# Classification

Classification is a technique or model which attempts to get some conclusion from observed values in classification problem. Models which perform classification tasks are usually called Classifiers. Classifiers are usually used in face recognition, spam identification etc

# Steps for building a Classifier 

## STEP 1: Import scikit-learn

Sklearn is a very powerful Machine LearningLibrary with in-built data sets and also support for all major Machine Learning ALgorithms

In [1]:
import sklearn

## STEP 2: Import Data

We will be making use of sklearn's inbuilt datasets. Here we will be making use of scikit-learns inbuilt breast cancer Wisconsin Diagnostic Dataset. The data set includes information about breast cancer tumours as well as classification labels of malignant or benign. The dataset contains 569 instances or data. 569 tumours and includes information o 30 attributes or features such as radius of the tumour, texture, smoothness etc 

In [2]:
#import the dataset
from sklearn.datasets import load_breast_cancer

#now we load the dataset
data = load_breast_cancer()

#### Keys for the data 

Below are important dictionary keys for the data:

Classification Label Names(target_names)

The actual labels(target)

The Attribute/feature names(feature_names)

The attribute (data)

Now with the help of the keywords above we can assign variables to important parts of the data 

In [3]:
label_names = data['target_names']

labels = data['target']

feature_names = ['feature_names']

features = data['data']

In [4]:
#we wil print the label names so we can have a clearer look at what we are looking at
print(label_names)

['malignant' 'benign']


## STEP 3: Organizing Data into sets

Next we will split the data into training sets and test sets in order to be able to test our model on unseen data. we will use 40% of our data to test our model

In [5]:
#we will import sklearns train_test_split function
from sklearn.model_selection import train_test_split

#Now we will split the data
train_data, test_data, train_labels, test_labels = train_test_split(features, labels, test_size=0.40, random_state=42) 

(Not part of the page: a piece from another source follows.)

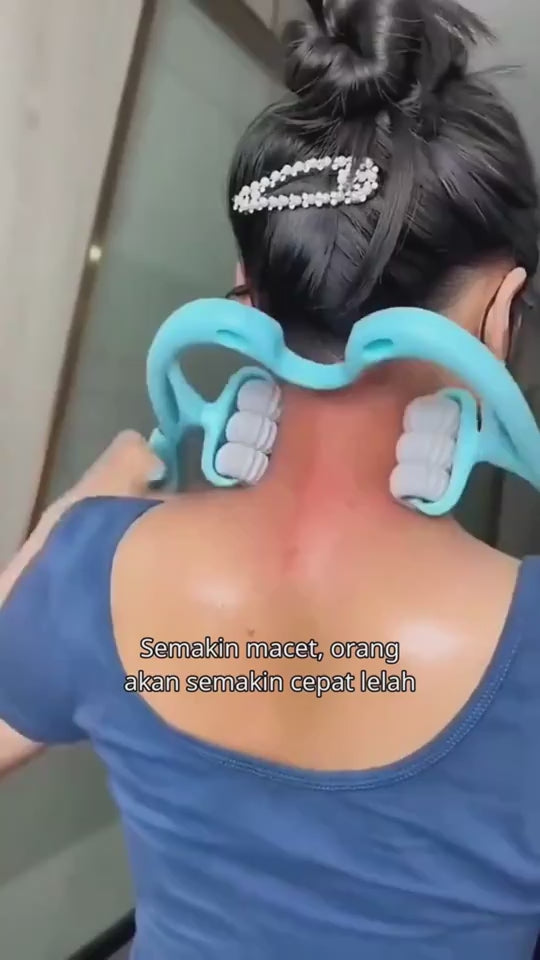 Women warming up the neck area, applying massage oil, and using a roller massager to relieve muscle tension and promote relaxation.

## STEP 4: Building a classifier model

Later on we will build several classifiers but for now we are going to make use of the Naive Bayes Algorithm

In [6]:
from sklearn.naive_bayes import GaussianNB

In [7]:
#Now to initialize it
gnb = GaussianNB()

In [8]:
#Now we are going to fir the model with our training data
model = gnb.fit(train_data, train_labels)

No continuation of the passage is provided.